Systematic Study of Data Transfer for Retrosynthesis
This is an Empirical paper that systematically compares three standard data transfer methods (joint training, self-training, and pre-training plus fine-tuning) applied to a Transformer-based sequence-to-sequence model for single-step retrosynthesis. The primary contribution is demonstrating that pre-training on a large augmented dataset (USPTO-Full, 877K reactions) followed by fine-tuning on the smaller target dataset (USPTO-50K) produces substantial accuracy improvements over the baseline Transformer, achieving competitive or superior results to contemporaneous state-of-the-art graph-based models at higher values of n-best accuracy.
Bridging the Data Gap in Retrosynthesis Prediction
Retrosynthesis, the problem of predicting reactant compounds needed to synthesize a target product, has seen rapid progress through increasingly sophisticated model architectures: LSTM seq-to-seq models, Transformer models, and graph-to-graph approaches. However, the authors identify a gap in this research trajectory. While model architecture has received extensive attention, the role of training data strategies has been largely neglected in the retrosynthesis literature.
The core practical problem is that high-quality supervised datasets for retrosynthesis (like USPTO-50K) tend to be small and distribution-skewed, with all samples pre-classified into ten major reaction classes. Meanwhile, larger datasets (USPTO-Full with 877K samples, USPTO-MIT with 479K samples) exist but have different distributional properties. Data transfer techniques are standard practice in computer vision, NLP, and machine translation for exactly this scenario, yet they had not been systematically evaluated for retrosynthesis at the time of this work.

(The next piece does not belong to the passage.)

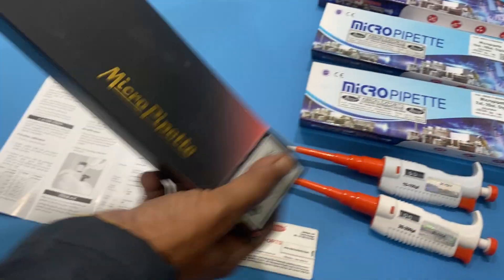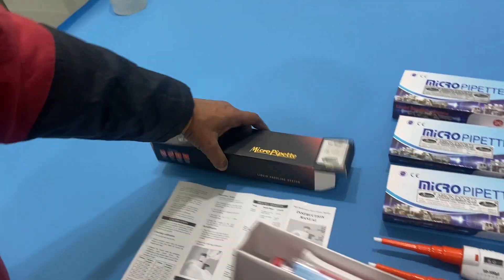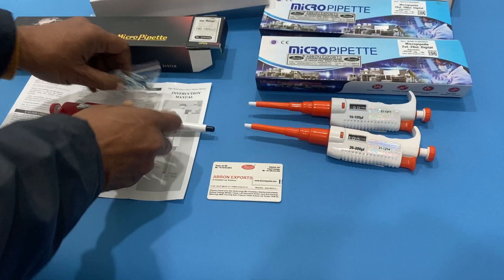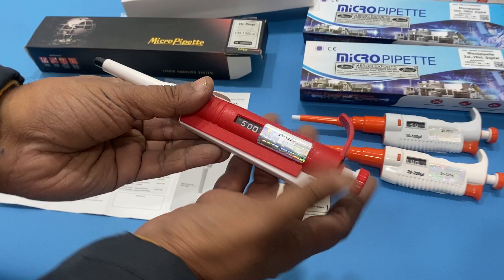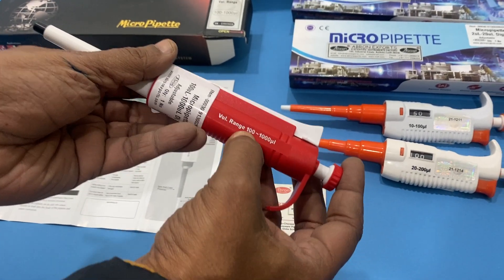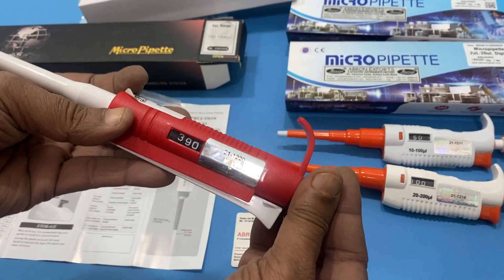When you open the packing, push on the side and take out the contents. There are three parts. One is the pipette, which is variable — it is a manual pipette. You push it and it changes; it is written up to 1000.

The authors also note a contrast with Zoph et al. (2020), who found that self-training outperforms pre-training in image recognition. They hypothesize that chemical compound strings may have more universal representations than images, making pre-training more effective in the chemistry domain.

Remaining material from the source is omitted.